Danger in our midst: Ramp up daily Covid-19 tests to catch asymptomatic Category Ones

On July 15, the number of positive Covid-19 cases in Malaysia shot up to an all-time high of 13,215, up from 11,618 the previous day.

On July 20, the figure was 12,366. While the ordinary Malaysian was concerned about the high figures, the authorities did their best to allay their fears.

Covid-19 is a five-category illness, with Category One being the mildest, and Category Five, the most severe.

According to Health director-general, Tan Sri Dr Noor Hisham Abdullah, more than 98 per cent of the positive cases belonged to Categories One and Two, which had little, or no symptoms.

This gave the impression that the higher daily cases were not a cause for concern, since only cases in Categories Three to Five would add pressure to the country’s hospital facilities, especially the availability of intensive care unit (ICU) beds.

The Health Ministry also proudly announced that our vaccination rate was one of the highest in the world – thereby deflecting the main issue of higher daily cases.

This is where the danger lies; glossing over the number of cases in Categories One and Two (representing more than 98 per cent of the daily cases), which to my mind, is just the tip of the iceberg.

We should be concerned with these high figures. Be mindful that the results are correct at the time of assessment, but over the next few days, these cases might progress to Category Three and above.

The number of tests conducted a day is just a sample of the entire population; the higher the sampling size, the more representative it is of the population.

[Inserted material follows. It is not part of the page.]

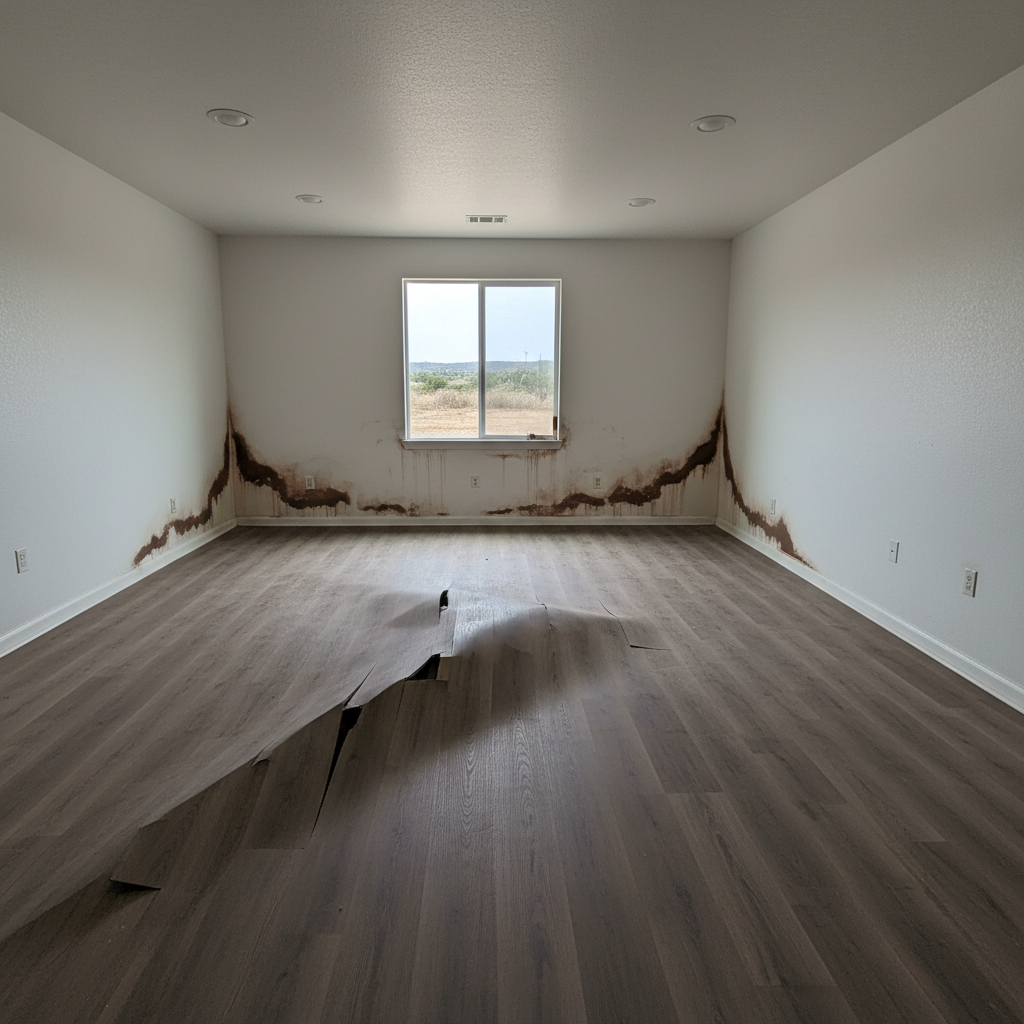 Water Damage Repair in Hurst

But what about the other asymptomatic ones who are not detected because of the small sampling size – those who are unaware of their condition and who freely roam and infect others? They are lurking in our midst (at the bank, supermarket, wet market, or the neighbourhood kopitiam).

Had the ‘net’ been cast wider (which would ensure a larger number of people being tested daily), more of the asymptomatic ones would have been ‘captured’, thereby preventing them from spreading the virus.

It is this group of positive asymptomatic ones that we should be most fearful of; those who were detected upon testing, and those who ‘escaped’ being tested and remained oblivious to their condition.

The latter are unaware and unknowingly spreading the virus to their families, loved ones and co-workers, especially if they are infected with the more potent Delta variant!

Nationwide, we are not doing enough testing. Secondly, there has been a wide discrepancy in the number of tests carried out each day.

According to news reports, Malaysia’s daily test performance averaged 2,800 per million population (the figure was only 1,600 for the first 5.5 months of this year) compared to the United Kingdom, which performed a daily average of 12,000 tests per million.

As for the wide difference in the number of daily tests, the figures speak for themselves.

For instance, on May 29, a total of 126,480 tests were done, resulting in 9,020 new cases, which triggered the nationwide lockdown on June 1.

Ten days later, on June 8, only 77,030 tests were performed, resulting in a lower figure of only 5,566, giving the false sense of hope that the situation was improving.

Our new case figures have been understated, simply because we did not do enough daily tests. Those not detected (because of the smaller sample size), particularly the asymptomatic ones, continue to spread the virus at will. This explains why the virus is already pervasive in our community.

It is imperative to ramp up the number of daily tests (similar to our recent energised and impressive vaccination rate), with special attention given to target groups.

The number of daily tests should be maintained at a high level, at least above 130,000 per day, and should not vary widely daily. Malaysians should be warned ahead of time of the higher spike in figures expected due to the ramping up of the number of daily tests.

Those in Categories One and Two should be placed under the care of general practitioners close to their homes, where close monitoring can be done even by phone.

While our vaccination rate is praiseworthy and commendable, the same cannot be said of our testing rate. A two-pronged approach is crucial and necessary if we want to win this war against this invisible virus.

This is the personal opinion of the writer and does not necessarily represent the views of Twentytwo13.